In today’s reading from Saint Paul’s letter to the Galatians, we hear: “We know that a person is not justified by works of the Law but through faith in Jesus Christ… by works of the Law no one will be justified.” It seems to be a straightforward message. We are restored to communion with God, and we are made right with God by trusting in Jesus Christ to save us. It is something that God does for us when we believe in God’s Son.
The Articles of Religion that are printed in the Book of Common of Prayer beginning on page 867, state this idea in words that Episcopalians have affirmed for centuries: “We are accounted righteous before God, only for the merit of our Lord and Saviour Jesus Christ by Faith, and not for our own works or deservings.”
Despite the clarity of the New Testament and historic Christian theology, our sinful pride often gets the better of us, and we begin to think that we have fellowship with God because we are well behaved and do the right things.

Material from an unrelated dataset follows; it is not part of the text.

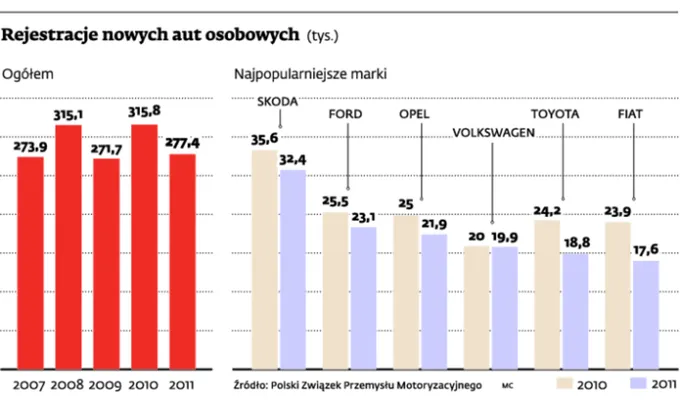 Sprzedawcy aut nie obawiają się czarnych scenariuszy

We look at our good things, the things we have accomplished in life and the good things we would like to do, and we begin to believe that we are closer to God because of them. We become good people in our own eyes rather than seeing ourselves for what we are, sinners in need of forgiveness. Sometimes, acknowledging our mistakes, we become convinced that if we put in the effort to fix some of our problems, God will love us more. Perhaps the worst version of this bad theology is when people try and fail so much that they start to believe that God could not and would not ever love them or forgive them.
These errors are nothing new. They are simply versions of an old heresy known as Pelagianism, named for the British monk who promoted the idea. Pelagianism is the belief that we can earn favor with God on the basis of our own merits and good behavior. It is an ideology that leads to spiritual pride. The words of the Psalmist “Braggarts cannot stand in [God’s] sight” remind us there is no place for pride or self-righteousness in God’s kingdom. We know that such self-righteousness is wrong because the Scriptures tell us, “By the works of the Law, no one shall be justified.”

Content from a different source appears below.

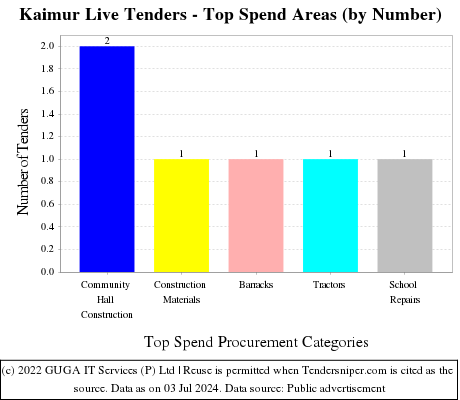 Kaimur Live Tenders - Top Spend Areas (by Number)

The Good News for those who will receive it is that God’s love and mercy for us are not dependent on our good works, our feelings, or our failings. God does not love us more because we give money to the right causes or protest the wrongs of the world. God does not love us less because we as broken creatures keep trying to improve ourselves and we still fall short. God does not justify us because we deserve it – we certainly do not – rather God justifies us because God loves us.
Theologians call this gift of God’s love “grace.” Grace is simply a gift. Grace is wildly gratuitous and undeserved. It is something we have not earned and frankly cannot earn, because, as Paul reminds us, if we as sinners could have earned our justification, Christ would have died for no purpose. Elsewhere in the New Testament, the Apostle writes, “By grace you have been saved not by works, and this is so that no one can boast.”
Jesus provides a good example of what justification looks like in today’s Gospel reading. Luke tells us about a dinner party at the house of a very religious man named Simon. Simon apparently believed he was right with God because he was a devoted Pharisee and was therefore different from the common lot of sinners. The Pharisees were known for trying to make themselves holy by following the precepts of the Law and by performing good works. In contrast, by all accounts the woman at the dinner was a sinner. She made no appeal to her righteousness or her good works. Instead, threw herself at Jesus’ feet, seeking God’s mercy and forgiveness. Jesus forgave her. He told her to go in peace because her faith had saved her. He restored her to communion with the Father, and he justified her because she trusted in him. The woman’s signs of affection were responses to Jesus’ overwhelming love and kindness.
So long as we are convinced of our own righteousness like Simon the Pharisee, we will miss the point of the Gospel, and the point is that God gives us what we cannot earn when we trust in Jesus Christ. He justifies us freely by his grace. Jesus restores our broken relationship with God the Father through the merciful gift of his love.
Upon hearing Jesus’ words to the woman: “Your faith has saved you,” we might ask, “What is faith?” The best answer to that question is that faith is trust. Faith is trust that God truly loves us and wants to forgive us and to restore us to his family. Like the woman who trusted Jesus not to condemn her, we trust that Jesus will not condemn us, and we trust that he will forgive us because he died for our sins and rose from the dead to give us eternal life.
The fruit of God’s gift of justification then is that we have a new life in Jesus Christ. At Holy Baptism when our faith in Christ is proclaimed before the world, God’s love is poured into our hearts in such a way that we can join the Apostle in saying, “I have been crucified with Christ; it is no long I who live, but Christ who lives in me; and the life I now live in the flesh I live by faith in the Son of God, who love me and gave himself for me.” This new life in Christ sets us free from sin and dead works that could never justify us before God. We are now free to know, love, and serve God. Our response to God’s incredible gift should be to share his love and mercy with the whole world. Amen.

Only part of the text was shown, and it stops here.